Un mirage tenace, que viennent renforcer les tableaux dominés par l’esthétique des années 50 et les extraits hors-temps qui envahissent à l’avant-scène le temps présent de l’action. Un artifice hypnotique maîtrisé d’un bout à l’autre par la réalisatrice qui alterne, croise et superpose avec talent les fragments temporels de ces trois générations de femmes étroitement liées par le précipité dramatique de leur histoire familiale. Un montage élégant permettant de figurer de façon tangible, sobre et intimiste l’étroite correspondance et le perpétuel dialogue qu’entretiennent ces trois femmes à travers le temps. Une trame romanesque qui n’explore pas seulement les ressorts de l’évolution de la condition des femmes dans la société contemporaine mais exploite avant tout le tissu affectif des relations mères-filles qui, dans le faisceau éclaté des existences individuelles, ressurgit toujours à la surface comme le rappel univoque d’une histoire commune qui les traverse toutes et qu’elles portent toutes en elles – qu’elles le veuillent ou non -, le seul moyen de gagner l’avenir étant de se libérer du passé.
Au bord de la mère
Traditionnelle mère au foyer oscillant entre soumission docile au devoir conjugal et appel pulsionnel à la subversion sociale, à la transgression morale, voire à la trahison filiale, Louise (Marie-Josée Croze) revêt au propre comme au figuré le déguisement de la parfaite ménagère des années 50. Un costume étriqué que son mari, tailleur de profession, a spécialement confectionné pour elle afin de mieux étouffer la féroce volonté d’émancipation qui brûle en elle. Un mari liberticide, sourd et aveugle aux revendications silencieuses de sa femme, à ses désirs, à sa détresse. Un homme de petite ambition, méprisant celles du sexe opposé, s’épanouissant dans l’inégalité des droits et se complaisant dans la rigidité des codes d’une société aux normes étroitement bornées.

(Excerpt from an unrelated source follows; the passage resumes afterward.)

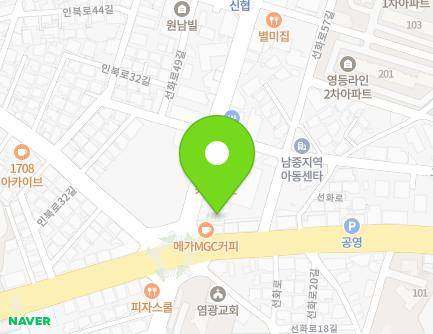 전북특별자치도 익산시 고봉로 156 (영등동, 동부치과의원) 지도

Témoin et fille de la détresse, complice et victime du supplice de sa mère, dont elle sera à jamais prisonnière jusque dans sa chair, Martine (Catherine Deneuve) ne s’est jamais remise de sa disparition. Vivant à proximité de la maison familiale que sa mère a quitté 50 ans plus tôt, comme si elle en espérait encore le retour, Martine a cru se mettre à l’abri de l’histoire en s’en racontant beaucoup. Redoutant la blessure de la vérité, Martine ne veut rien savoir, renonçant même jusqu’à comprendre que cette ignorance est ce qui la fait tant souffrir.
À l’autre bout du monde et aux antipodes de l’existence sclérosée de sa mère, Audrey (Marina Hands) est une jeune femme éclairée, indépendante dans le cadre de sa vie professionnelle et atypique dans le choix de ses relations sentimentales. Sentant rejaillir en elle la nécessité d’exhumer les raisons du passé à l’heure où elle-même porte dans son ventre les germes de l’avenir, Audrey retourne sur les traces de l’échappée de sa grand-mère et de la fuite en avant de sa mère.
La violence du silence
Avant de mettre au monde cet enfant qu’elle n’est pas encore certaine de vouloir garder – à la manière d’un secret dont elle voudrait se délester, Audrey sait que le non-dit engendre des monstres – avant de devenir mère à son tour, d’entrer dans l’histoire comme telle et d’y faire entrer sa descendance, la jeune femme devra d’abord revenir sur les traces de ce passé trouble dont elle est issue mais dont l’accès lui a pourtant toujours été verrouillé. Pour cela, il lui faudra, avec le carnet intime de sa grand-mère Louise pour seul héritage et seul témoignage, sonder les profondeurs souterraines de cette histoire familiale rongée par le silence des vivants et tourmentée par la résurgence des morts.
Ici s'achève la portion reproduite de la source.